Doch die Polemik hat ein ernstes Ende:
"Am Anfang sind es nur Briefmarken, ein scheinbar unbedeutender Retro-Gegenstand, dessen Existenz, geschweige denn Benutzung, heute kaum noch einem Menschen unter 35 Jahren geläufig ist. Doch uns Älteren ist das Porto ein Symbol für die Freiheit und das Überwinden großer Entfernungen, auch zwischen den Menschen, gerade zwischen den Menschen. Wer dieses Symbol missbraucht oder über dessen Missbrauch leichtfertig spekuliert, spielt mit dem Feuer."
Und weiter:
"Allerding hat die ganze Sache einen Haken: Die Post weiß offiziell nichts von der angeblichen Erhöhung. Niemand weiß davon, außer der 'Bild', von der wiederum alle anderen abschreiben."
Bild mal wieder.
Harte Kost
Ein Mann mit zugenähtem Mund. Mit diesem Bild macht das Feuilleton der SÜDDEUTSCHEN auf. Die Botschaft ist ebenso eindeutig wie eindringlich. Unter dem Titel "Bis es wehtut" porträtiert Tim Neshitov diesen jungen Mann, den russischen Aktionskünstler Pjotr Pawlenski, der demnächst in Hamburg ausstellen wird. Doch was kann ein Aktionskünstler ausstellen? - Bilder …

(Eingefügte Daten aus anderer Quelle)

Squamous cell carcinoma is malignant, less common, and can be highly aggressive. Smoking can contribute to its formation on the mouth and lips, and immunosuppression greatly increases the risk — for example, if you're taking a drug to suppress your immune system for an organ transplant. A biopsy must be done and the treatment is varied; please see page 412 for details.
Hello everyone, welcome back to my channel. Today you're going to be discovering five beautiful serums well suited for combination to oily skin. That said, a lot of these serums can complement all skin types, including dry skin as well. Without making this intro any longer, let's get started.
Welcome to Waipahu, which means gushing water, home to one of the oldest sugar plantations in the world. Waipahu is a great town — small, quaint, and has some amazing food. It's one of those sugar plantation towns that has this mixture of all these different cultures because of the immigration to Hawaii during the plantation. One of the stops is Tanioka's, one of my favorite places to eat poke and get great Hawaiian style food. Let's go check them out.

Als "Geschenk" bezeichnet Pawlenski da eine Akte aus einem Prozess gegen ihn, erläutert Tim Neshitov:
"Die Unterschrift des Ermittlers sieht darauf wie eine Rolle Stacheldraht aus, man kann das Dokument bei der Ausstellung gut neben Fotos einer anderen Aktion Pawlenskis zeigen, bei der er sich splitternackt in eine Rolle Stacheldraht einwickelte und vor das Stadtparlament in Sankt Petersburg legte."
Auf einer anderen Seite derselben SÜDDEUTSCHEN genügt ein Porträt von Don Draper aus der Serie Mad Men, und wir sind sofort im Bilde, dass es hier um besondere Kniffe der Werbung gehen muss. Dirk von Gehlen geht einer Technik nach, die es ermöglicht, Werbung im Netz zu unterdrücken.

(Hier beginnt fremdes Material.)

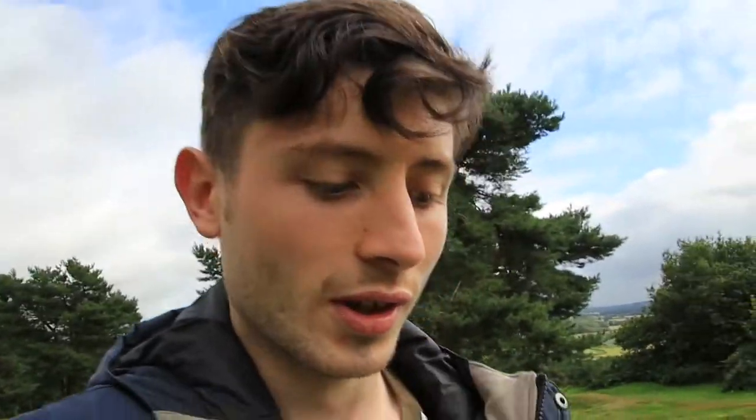I'll get the drone up in a minute so we can see what it looks like around the area, because the area does look really nice. It's by Delamere Forest, which is a nice forest.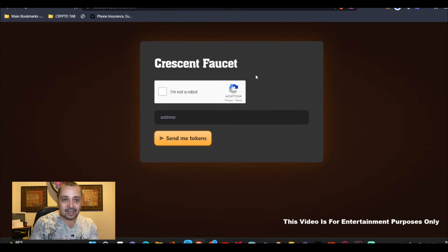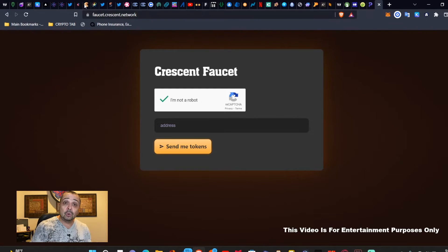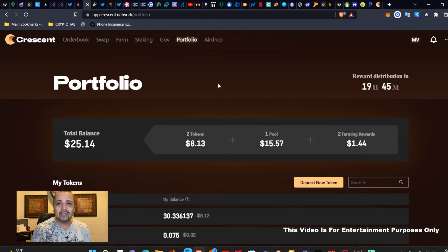For example, let's take a look at Crescent. Crescent is on the OSMO network, but I cannot find Crescent to purchase directly. So what I ended up doing was finding a faucet for it so I could get the crypto to make that exchange. As you can see right here, I don't have a lot of money in this one, but I wanted to test it out and show proof that it actually can be done.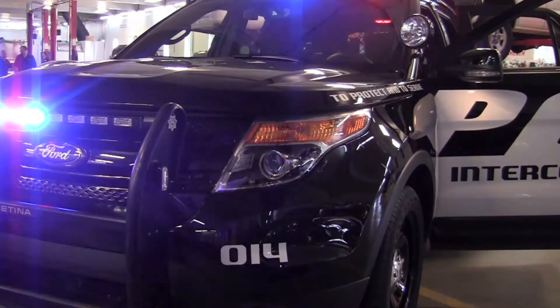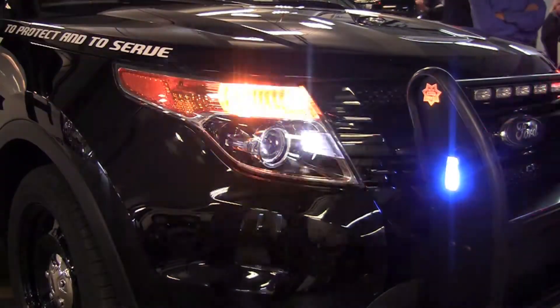That will deliver in excess of 270 horsepower. By comparison, the Crown Victoria V8 is only 250. Now, the one people are going to be curious about is EcoBoost — it's a 3.5 liter EcoBoost.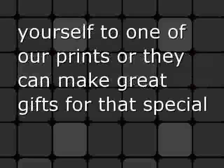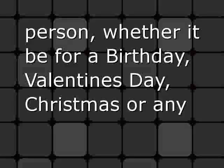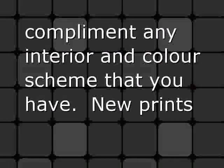You can either treat yourself to one of our prints, or they can make great gifts for that special person — whether it be for a birthday, Valentine's Day, Christmas, or any special occasion. They can fit in anywhere in the home and complement any interior and color scheme that you have.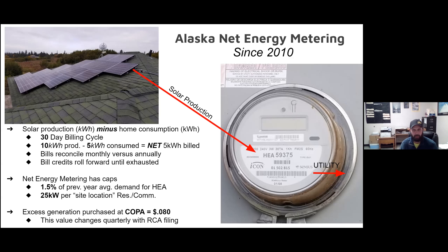Each utility has some interesting sub-dynamics of their net metering programs and minimum charges on billing. Folks will still have a customer charge and also a minimum kilowatt hour charge on Homer Electric, which is 150 kilowatt hours. But if they go into overproduction, they can still contribute towards those minimums. There's also a 25 kilowatt per-site size cap and a one and a half percent of the previous year's average demand that establishes a system-wide cap for the whole HEA grid.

"Adblocker gefährden das Geschäftsmodell werbefinanzierter Medien. Profitieren könnte davon ausgerechnet die Reklame selbst".
Er fragt, nicht ohne Hoffnung:
"Schafft es die Werbe- und Medienindustrie, einen tatsächlich neuen Blick auf ihr Produkt zu werfen und Reklame zu entwickeln, die technisch und inhaltlich anders funktioniert, vielleicht sogar attraktiver ist als diejenige, die heute geblockt wird?"

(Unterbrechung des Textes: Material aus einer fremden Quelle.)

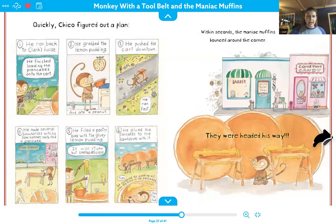Quickly, he figured out a plan. He ran back to Clark's house, finished loading the pancakes onto the cart, grabbed the lemon pudding, ate a peanut, pushed the cart downtown. He ran fast. He made several sawhorses with his saw, hammer, nails, and a pancake, filled a pastry bag with the gluey lemon pudding. It was sticky but smelled delicious. He glued the pancakes to the sawhorses with it, and then he squeezed the pudding out all over the front of the pancakes. Then he hid.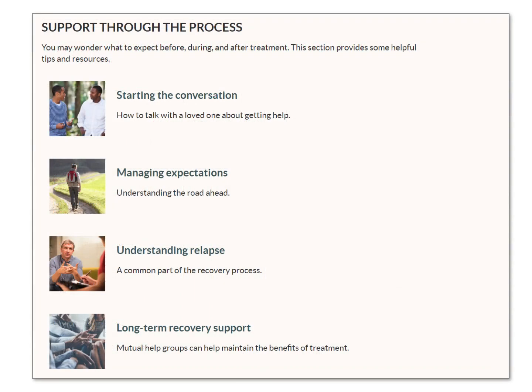Finally, we provide information that families may need throughout the treatment process, including tips on starting a conversation with someone who may need help, managing expectations around alcohol treatment, understanding relapse, and finding recovery support options to help over the long term.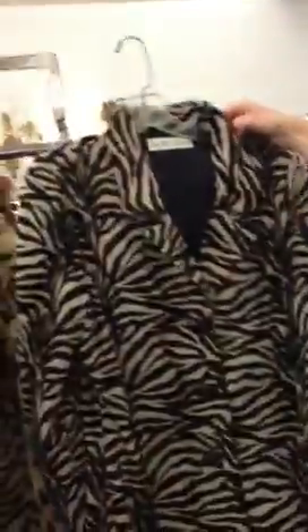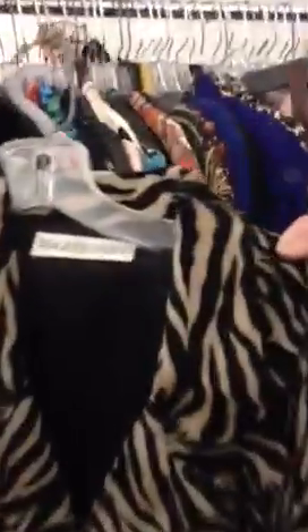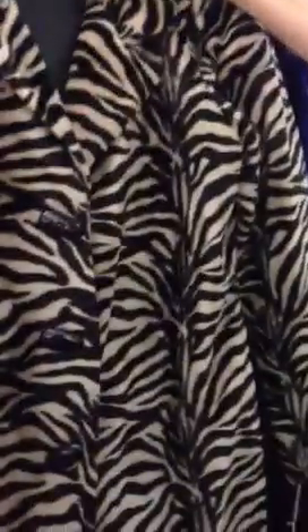So what is this here? It's a coat in tiger print. How old would you say it is? This one is probably from the 80s. Somewhere in the 80s? Yes.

Eine provozierende Kinderzeichnung
Ein anderes Bild, eines im Netz, kommentiert Patrick Bahners in der FAZ. Genauer: Er kommentiert die Kommentare, die eine von der Bundespolizei in Passau auf Facebook gepostete Kinderzeichnung provoziert hat.
"Ein Polizist verbreitete ein Foto über Twitter. Daraufhin entbrannte im Internet eine Debatte. Hatte wirklich ein Kind das Bild gemalt? Die perfide Phantasie der 'Asylskeptiker', die sich im Netz über das Bild hermachten, erreichte ihr äußerstes Raffinement … nicht in der Vermutung, erwachsene Flüchtlinge hätten den Kinderstil imitiert und für ihren Versuch der Beamtenbestechung durch kitschige Zuwendung ein Kind vorgeschickt. Geäußert wurde die Vermutung, es müsse sich um eine 'propagandistische Inszenierung der Polizei' handeln.
Dieser Verdacht ist typisch für das öffentliche Gespräch über die Lage, die durch die massenhafte Ankunft von Flüchtlingen in Deutschland entstanden ist. Der Bundespräsident hat am Sonntag in seiner Mainzer Rede auf den Begriff gebracht, wie der Verdacht von den Feinden des Asylrechts wie von den falschen, fanatischen Asylfreunden als Waffe verwendet wird: Menschen, die sich engagieren, werden 'denunziert'. Ihnen wird das Schlimmste zugetraut und auf den Kopf zugesagt."
Vom "Affekt gegen den Affekt" spricht Bahners und zitiert ein großen verstorbenen Kollegen:
"'Bilder', schloss Henning Ritter aus seinen Beobachtungen zur Geschichte des organisierten Mitleids, 'scheinen als Auslöser für einfühlendes Verhalten wirkungsvoller zu sein als die unmittelbare Wahrnehmung'."
Das sollten wir immer im Auge haben, wenn wir die Feuilletons aufschlagen.